Dairy groups Wednesday praised successful negotiations with China on an import dairy certificate, a measure that ensures the flow of U.S. dairy into China continues uninterrupted.
U.S. and China government officials have been negotiating a new certificate for nearly three years, since China revised its requirements under the dairy certificate in the first part of 2010. Despite continued access to the Chinese market, the lack of an agreed-upon certificate impeded greater U.S. dairy exports, due to the uncertainty of whether the issue would ultimately be resolved.
"We commend the administration, as well as the Chinese government, for their conscientious and cooperative work on the dairy certificate over the past three years," said Jerry Kozak, NMPF president and CEO. "The positive announcement of a new certificate lifts the uncertainty that hung over the Chinese market, thereby encouraging greater U.S. dairy sales.
"It is important to acknowledge the responsible example set by China in this situation due to their careful handling of trade during certificate negotiations," continued Kozak. "Too often in the wake of new regulations, we see countries rush to shut their markets, even when no underlying food safety concern exists, simply over documentation matters. In its handling of this issue, China has set an admirable example for the world by permitting dairy trade with the U.S. to continue."
Matt McKnight, U.S. Dairy Export Council senior vice president for market access, regulatory and industry affairs, also praised China for keeping its market open.

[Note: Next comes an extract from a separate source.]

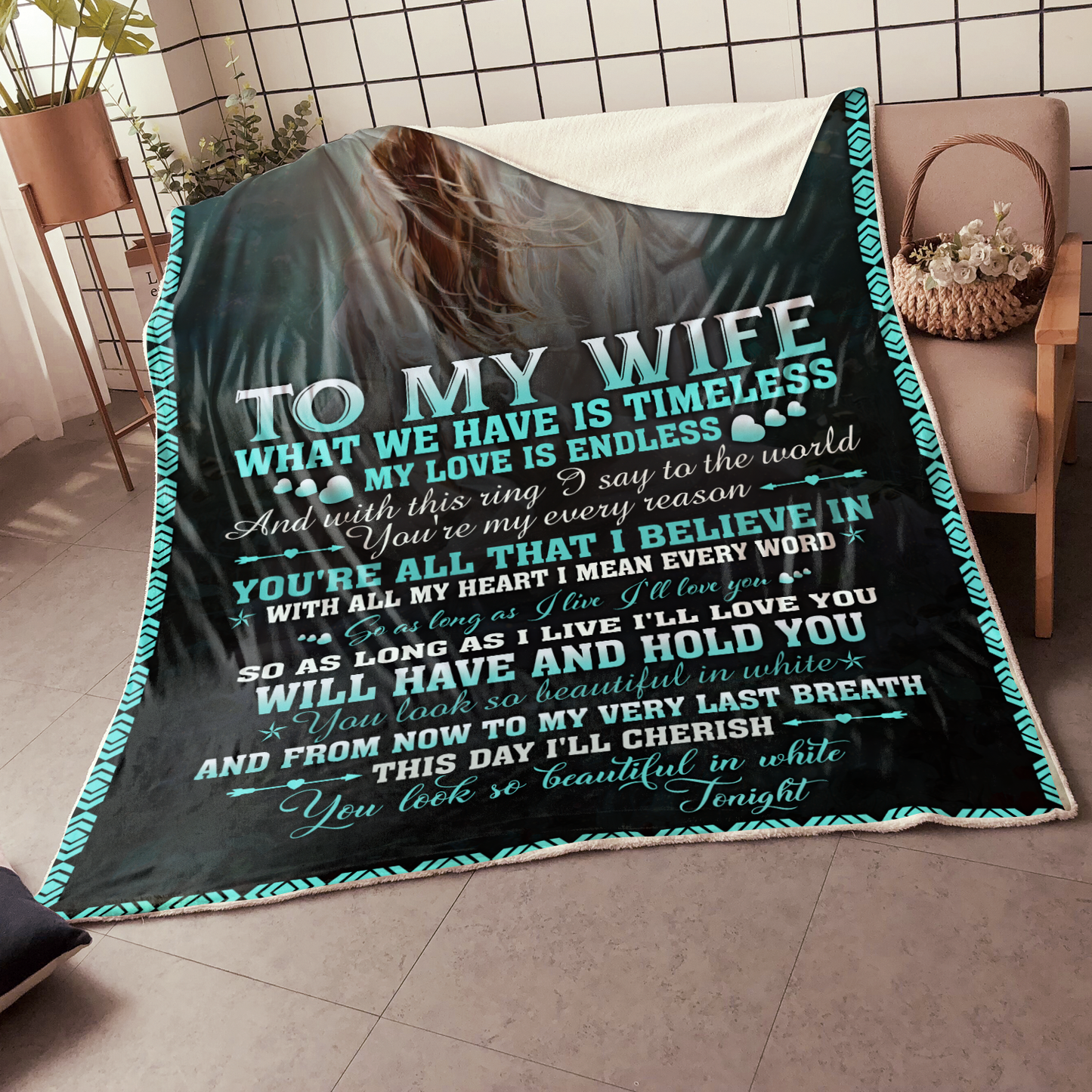 To My Wife Sherpa Blanket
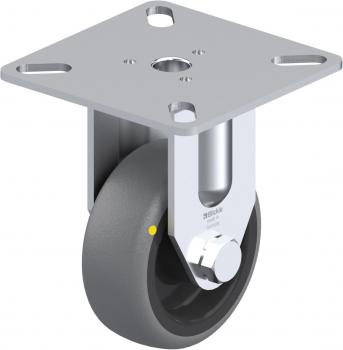 The image displays a gray-colored wheel with a metal bracket. It has a round shape and a flat top plate with mounting holes. The wheel features a yellow marking.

"It is not always the case that a country is so willing to work with a major supplier to find mutually satisfactory ways to get the regulatory assurances it requires. They said, in essence, as long as good faith negotiations were moving forward, the market would stay open. If the United States became nonresponsive or if talks fell apart, China could have closed its doors," McKnight explained.
USDEC estimates the uncertainty of the certificate situation depressed U.S. dairy ingredient sales by 5-10% and cheese sales by as much as 50%. The impact was considerably greater in the case of cheese given the foodservice industry’s need for consistent supply and more limited interchangeability of cheeses.
Despite the impact of certificate negotiations, U.S. dairy sales to China in 2012 were an estimated $400 million. U.S. dairy exports to China have grown by more than 100% since 2010 and are expected to continue to grow to help meet the increasing demand for dairy products in that country.
"With the certificate question settled, we expect U.S. dairy export value to China could more than double by 2017," said Tom Suber, U.S. Dairy Export Council president. "Some or all of those sales could have been lost had it gone unresolved."
The U.S. will begin issuing the new certificate immediately for product destined for China. Certificates issued by the U.S. prior to Jan. 18, 2013 will be valid through March 20, 2013 but not accepted by China after that date.